Çalışmada parçalanmanın belirlenmesi için ve istatistiki yanıtlar için toplam ve indirgenmiş şeker analizleri yapılmıştır. Toplam şeker analizi Dubois vd. yöntemine göre 488 nm’de (DuBois, vd., 1956), indirgenmiş şeker analizi ise Miller vd. yöntemine göre 575 nm’de yapılmıştır (Miller, 1959). Tüm deneyler 2 tekrarlı ve 3 paralel yapılmıştır.
BULGULAR VE TARTIŞMA
Mısır koçanının hammadde olarak kullanıldığı önişlem parçalama denemelerinde toplam şeker konsantrasyonunun maksimum değerini bulmak için etkili faktörler kimyasal (H2SO4 ve H2O2) oranı, sıcaklık ve zamandır. Bu faktörleri optimize etmek için Box-Behnken istatistiki deneysel tasarım yöntemi kullanılmıştır.
3.1 Asit önişlemi
Mısır koçanlarının kimyasal önişlem uygulanması yanıtları için istatistiki desene göre yapılan analiz (ANNOVA) sonucunda modelin R2 değeri toplam şeker üretim denemeleri için 0,9975’dir. Şekil 2a’da sıcaklık 100ºC ve H2SO4
oranı %3 olduğunda en yüksek toplam şeker konsantrasyonu 13,13 g/L olarak belirlenmiştir. Şekilde gösterildiği gibi toplam şeker konsantrasyonu sıcaklık düştükçe azalmakta ancak asit oranı %3’ün altında olduğunda 1,45 g/L ve %3’ün üstünde olduğunda 3,01 g/L’ya gerilemektedir. Şekil 2b, zaman ve asit oranının etkisini göstermektedir.

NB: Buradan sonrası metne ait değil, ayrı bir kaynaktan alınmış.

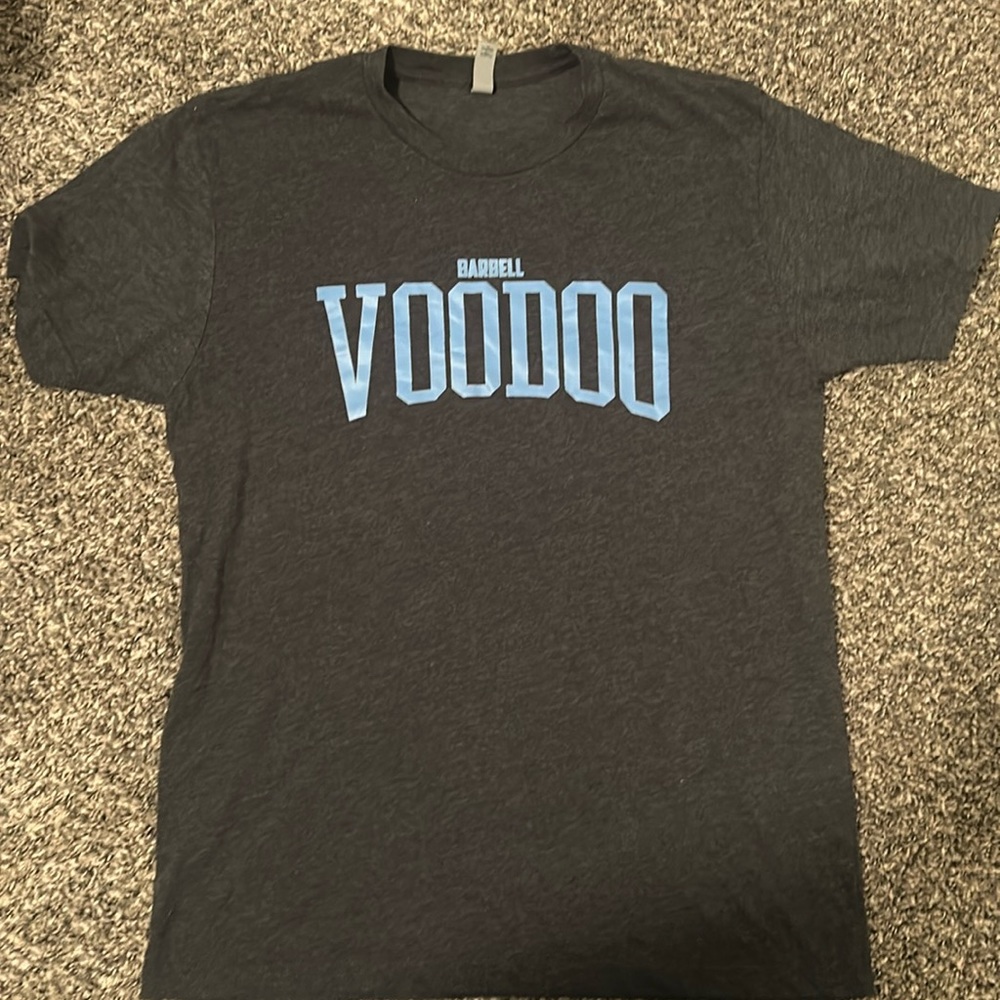Size large barbell voodoo tee shirt. Never worn.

Bu buna göre, reaksiyon süresi uzadıkça ve asit oranı yükseldikçe toplam şeker değeri artmaktadır. 180 dakika ve asit oranı en yüksek seviyede iken maksimum toplam şeker konsantrasyonu 13,13 g/L’dir. Zaman ve asit derişimi faktörü değişimi toplam şeker üretimi üzerinde belirgin bir etkiye sahiptir. Şekil 2c verildiği üzere zamanın artışı ve sıcaklığın artışı toplam şeker içeriğini arttırmaktadır. Ancak bu desene göre sıcaklığın ve zamanın en yüksek olduğu evrede maksimum toplam şeker içeriği %3’lük asit oranında belirlenmiştir. Asit ve Ultrases dalga + Asit ön işlem denemelerindeki tüm çalışmada mısır koçanın katı konsantrasyonu %1 (w/v) olarak sabit tutulmuştur.
Literatürde yapılan incelemeler sonucunda, lignoselülozik içerik mısır sapında eğer düşük seviyede olursa, sıcaklık seviyesinin bozunma için yeterli olduğunu belirtilmektedir. Üretilen toplam şeker miktarı lignoselülozik içerikle ve kullanılan lignoselülozik yapının bağlı olduğu bitkinin tür ve yetiştirme yeri ile bağlantılıdır (Brodeur, vd., 2011).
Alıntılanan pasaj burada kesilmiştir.